# 'Thank You' letters



## Concert (14 Sep 2010)

Do people not send Thank you letter anymore. Suppose I must be old fashioned but I was taught to always write a thank you note whenever someone sent me a birthday present, 21st present etc.  We are now at the stage in life where we are attending a lot of Weddings etc and cant understand how the little word thank you seems to be forgotton nowadays.


----------



## gipimann (14 Sep 2010)

You're more likely to get a thank you post on facebook, or a "Tnk U" text!


----------



## RMCF (14 Sep 2010)

The last 4 presents I bought were for 2 weddings, 1 childs birthday and 1 christening.

Got 4 Thank You cards.

I thought that everyone sent Thank You cards for wedding presents. Surely?


----------



## Odea (15 Sep 2010)

One branch of the family with large number of kids. We got invites to 21 st's and then weddings.
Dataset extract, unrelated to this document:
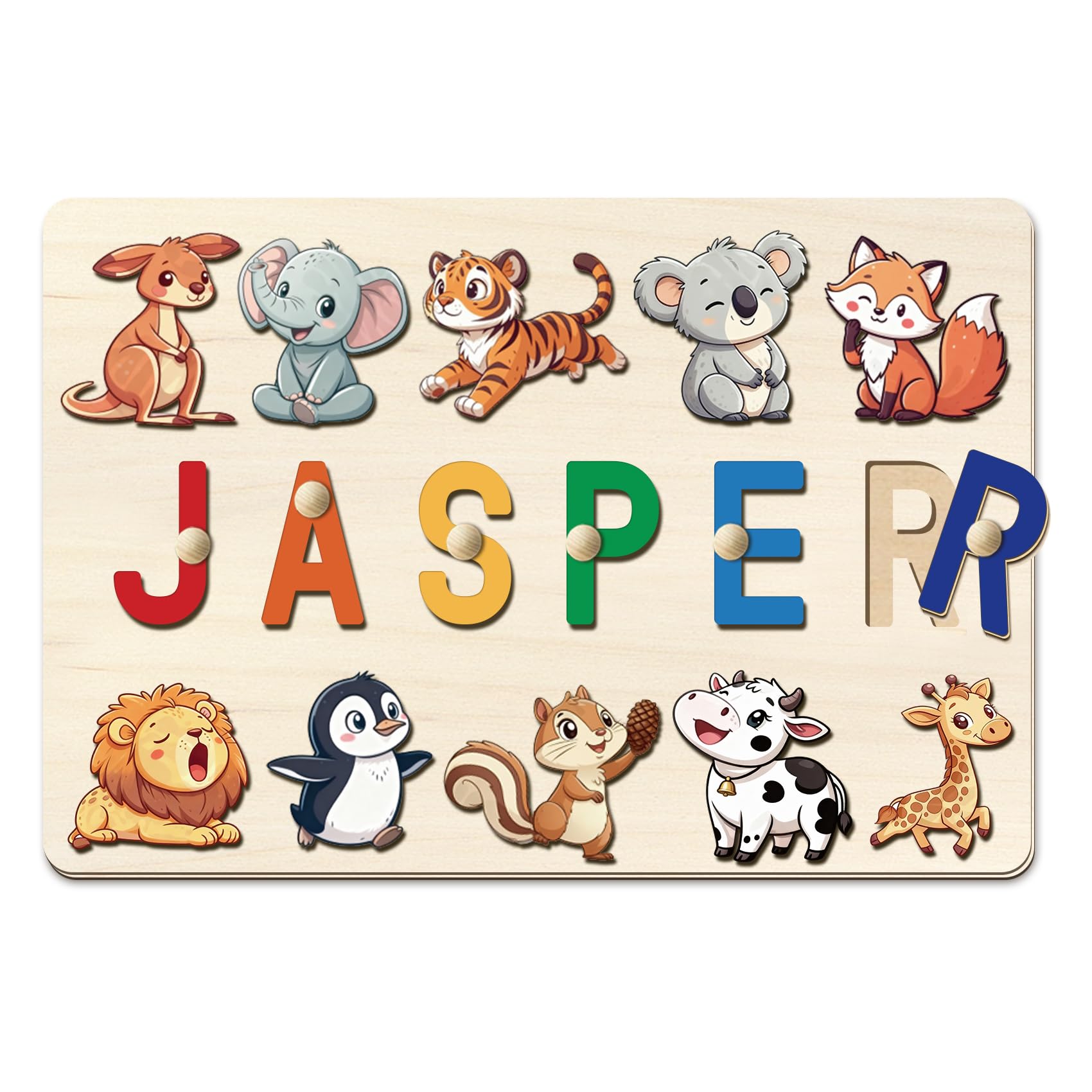 Personalised Name Puzzle for Kids, Personalised Baby Puzzle for 1 Year Old-Baby with Animal Elements, Custom Wooden Puzzles for Baby's First Birthday, Christmas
We sent gifts to first 3 or so of the kids and never once received a "thank you" for anything.  Now we have stopped sending gifts to the remaining children but feel a little guilty that we are tarring all children with same brush.
Even though they were young adults I think that their parents should have ensured that a thank you was sent.


----------



## fizzelina (15 Sep 2010)

My OH and I went for Sunday lunch to our friends' home recently and they made us a lovely meal, despite having a 6 month old baby to keep them busy, and we had a lovely afternoon together chatting. And the next day I popped a Thank You card in the post and said we'll look fwd to having them another time. I totally agree how nice it is to send and receive a thank you.


----------



## Caveat (15 Sep 2010)

RMCF said:


> I thought that everyone sent Thank You cards for wedding presents. Surely?


 
That's what I thought. We sent them anyway (married late 90s).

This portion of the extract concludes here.